Manuscrit d’une version primitive de La Pucelle d’Orléans de Voltaire
[VOLTAIRE, François-Marie Arouet, dit]. La Pucelle d’Orléans ou Jeanne d’Arc– Poème héroicomique en douze quinzechantspar M. de Voltaire. Manuscrit broché, incomplet de la fin. Nombreuses corrections et additions.
Précieux manuscrit d’une version primitive de la Pucelle d’Orléans, sur laquelle on a, par additions ou substitution, porté les modifications successives du texte.
Le poème de La Pucelle d’Orléans est certainement l’ouvrage de Voltaire qui provoqua tout à la fois le plus d’enthousiasme et les réprobations les plus violentes. Sa publication fut l’objet un véritable scandale à la cour de France ; elle fut censurée et fit longtemps partie de l’Enfer de la Bibliothèque Nationale. Voltaire débuta la rédaction des premiers chants au début des années 1730 ; seul un cercle très restreint connaissait l’existence de ce texte licencieux, soit par la distribution de rares copies « officielles » de quelques chants, soit pour l’avoir entendu dans les sociétés où Thiériot en récitait des morceaux détachés. Bientôt des copies clandestines circulèrent, avec des variantes souvent outrancières dont Voltaire ne pouvait assurément en être l’auteur.
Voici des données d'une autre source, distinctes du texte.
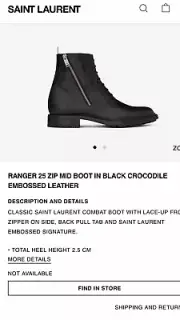Saint Laurent Mens Croc Embossed Boot. 44/11. $1200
C’est en octobre 1755, à Louvain (en réalité Francfort) que parut la première édition imprimée de La Pucelle d’Orléans, en quinze chants, publication clandestine faite à partir d’un manuscrit volé à l’auteur ou à ses amis, que Voltaire se hâta de désavouer. Puis d’autres s’en suivirent : en 1756 (16 chants), 1757, 1759. Ce fut en 1762 seulement que Voltaire publia une édition de son ouvrage, en 21 chants.
Le titre primitif de notre manuscrit indique un poème en douze chants (dans sa correspondance, durant l’année 1755, Voltaire évoque l’envoi de poèmes à 12, 14 et 15 chants à Thiériot, La Vallière, Mme de Pompadour, Richelieu, Argental, etc. Voir Besterman 5640 à 5749). Ce titre fut biffé et transformé en « quinze chants » avec, en marge, ajoutée après-coup, une mention d’édition « Louvain MDCCLV », mention elle-même biffée. Ce titre complet n’apparaît jamais comme tel, ni dans son titre primitif ni dans sa version remaniée, dans les différentes éditions. Nous avons donc bien affaire ici à une version primitive antérieure à la première publication.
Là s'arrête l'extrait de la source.